No hay que ser ningún lince para darse cuenta de que vivimos tiempos convulsos en lo psicológico. No lo digo yo, lo dice la OMS, que se expresa en el único lenguaje que hemos aprendido a comprender, el de las cifras. En los últimos diez años, los casos de depresión se han incrementado en un 18% y los de ansiedad en un 15%. Es decir: el mundo es mucho más triste ahora de lo que lo era en 2007, cuando George W. Bush era presidente de los Estados Unidos, Osama Bin Laden todavía correteaba por las calles de este planeta y Ed Sheeran todavía no nos perforaba la mente con su prodigioso talento lírico. Es posible que todo este proceso responda a una mera correspondencia con el diseño social en el que estamos insertados, con la cultura millenial en boga y las calles convertidas en pasadizos de alta velocidad para llegar a todas y a ninguna parte.

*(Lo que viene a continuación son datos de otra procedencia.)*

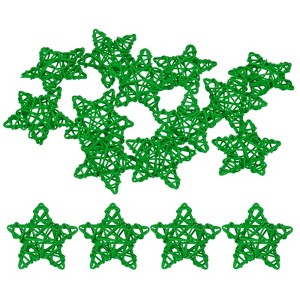 Unique Bargains Pentagram Wicker Rattan Balls Decorative Bowl Fillers 2.36 Inch 12 Pcs - 1 of 4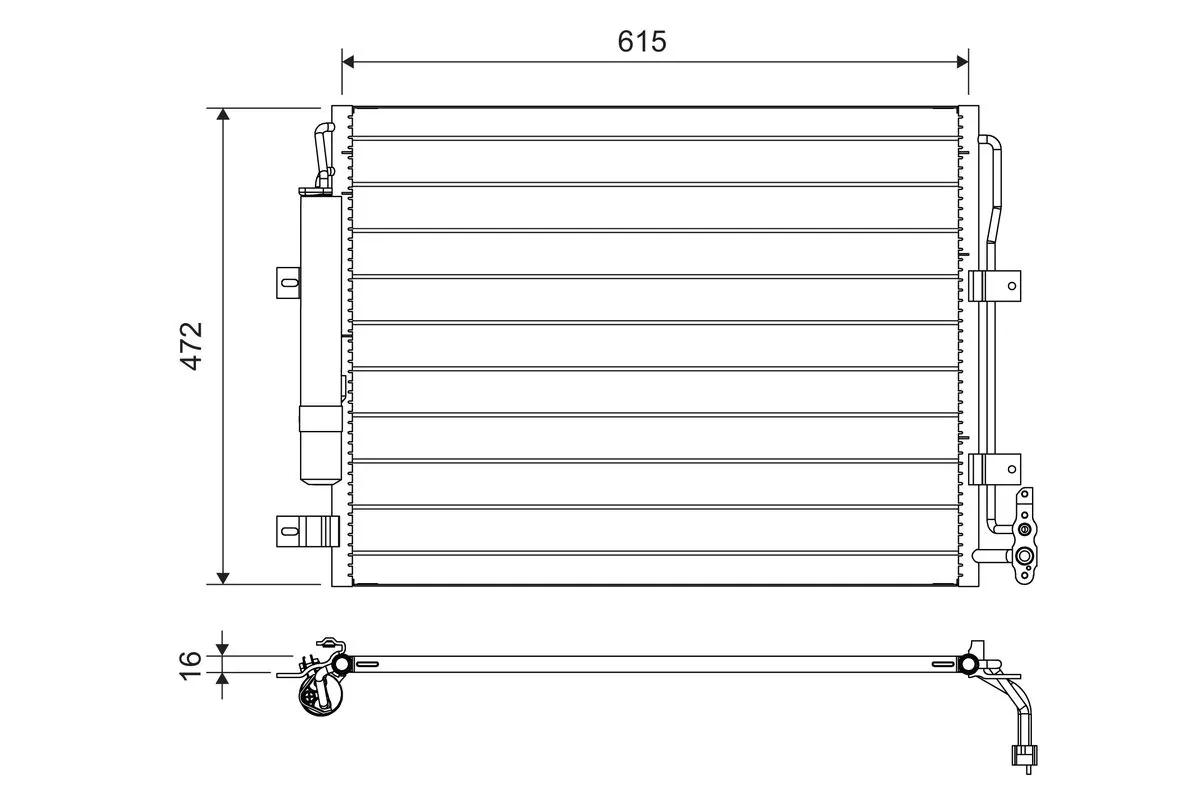 Condenseur, climatisation VALEO 822695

Con el mundo sumido en la tristeza, cabe replantearse qué es lo que nos hace tan vulnerables. Pero el hecho es que la mayoría de las personas que sufren esta situación actúan precisamente en la dirección contraria, es decir, huyendo de preguntas y refugiándose en sí mismos. El resultado, cómo no, introduciendo esta especie de introspección defensiva en una coctelera junto a la voracidad del mundo tecnológico, es igualmente desesperanzador: se ha acabado por conformar una sociedad profundamente fría. El gran perjudicado de todo esto no es otro que el correcto desarrollo de las personalidades, lo que acaba introduciendo al individuo en un círculo vicioso en el que no se define a sí mismo por pánico social y sufre de pánico social por no definirse a sí mismo. Las personas viven llenas de inseguridades y complejos sociales, inmersas en ese constante escaparate al que las someten las redes sociales y el mundo del juicio y la sentencia inmediatos. No hay margen de error.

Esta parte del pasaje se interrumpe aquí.